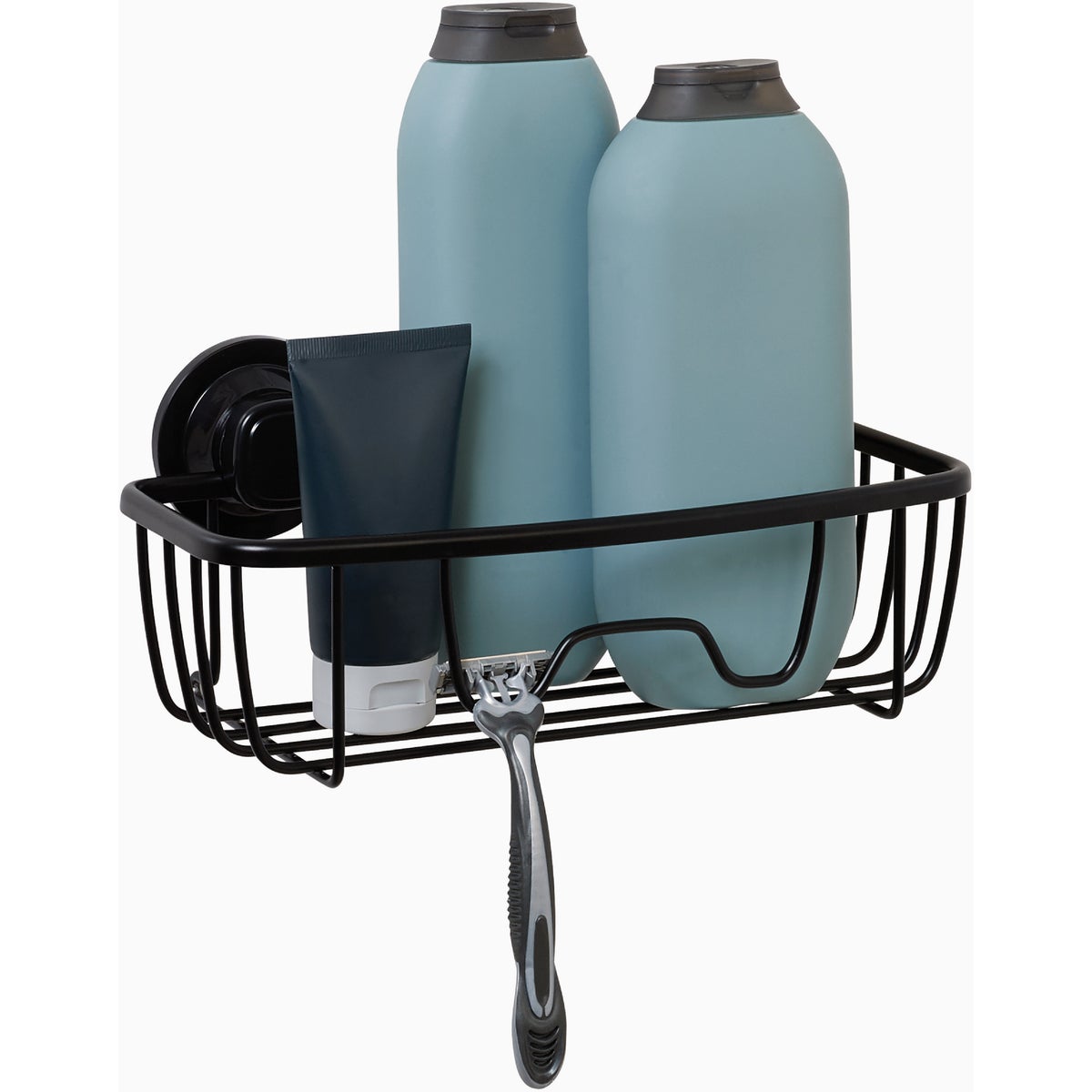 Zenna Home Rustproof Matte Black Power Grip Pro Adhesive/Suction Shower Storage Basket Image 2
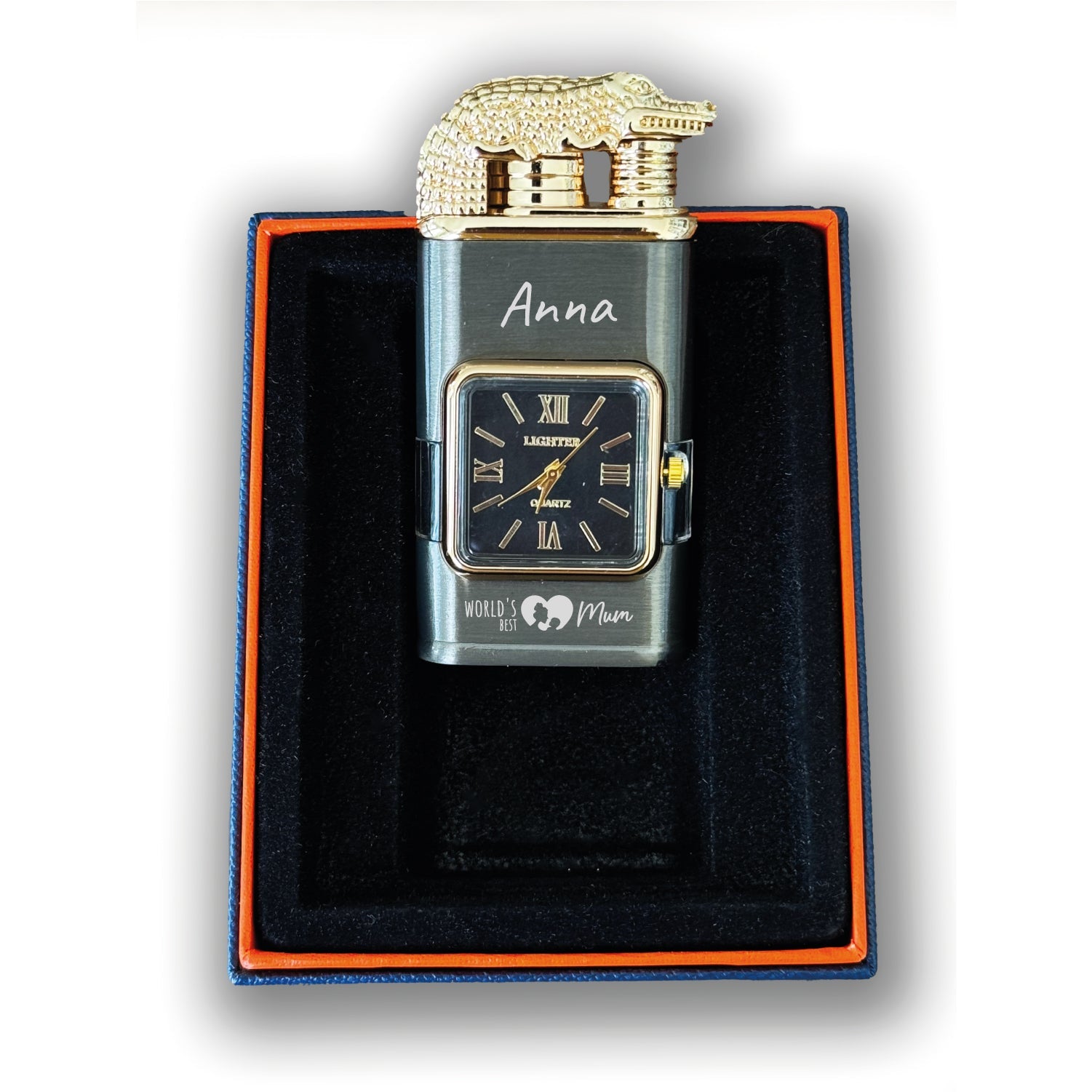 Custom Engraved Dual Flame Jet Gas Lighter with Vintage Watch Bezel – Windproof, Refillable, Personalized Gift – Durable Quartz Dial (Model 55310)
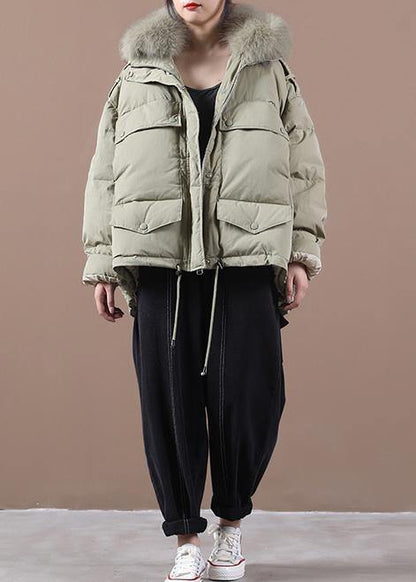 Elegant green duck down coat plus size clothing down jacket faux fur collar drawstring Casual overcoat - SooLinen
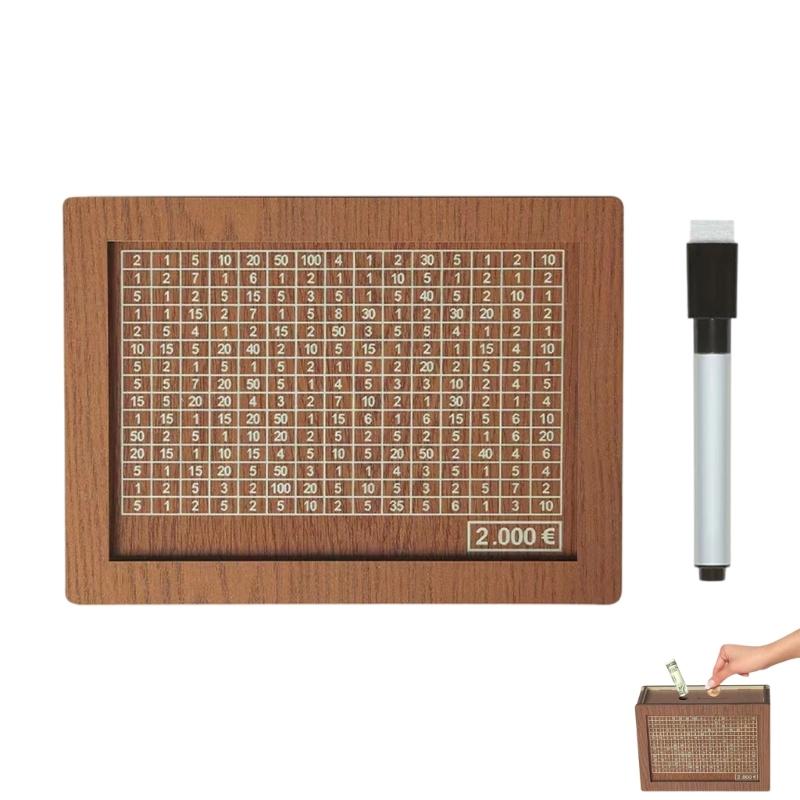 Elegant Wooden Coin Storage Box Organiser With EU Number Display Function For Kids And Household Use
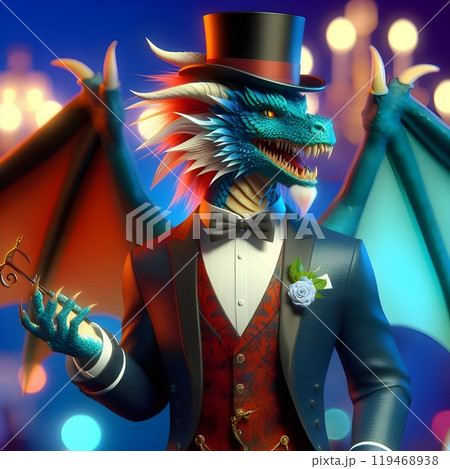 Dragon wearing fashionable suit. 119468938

● **PROBLEM TO SOLVE**: When you reach the line containing "Elegant Wooden Coin" in the records above, write out that line and every line after it through the end, exactly, but omit the pictures.

● **ANSWER SPACE**:
 Elegant Wooden Coin Storage Box Organiser With EU Number Display Function For Kids And Household Use
 Dragon wearing fashionable suit. 119468938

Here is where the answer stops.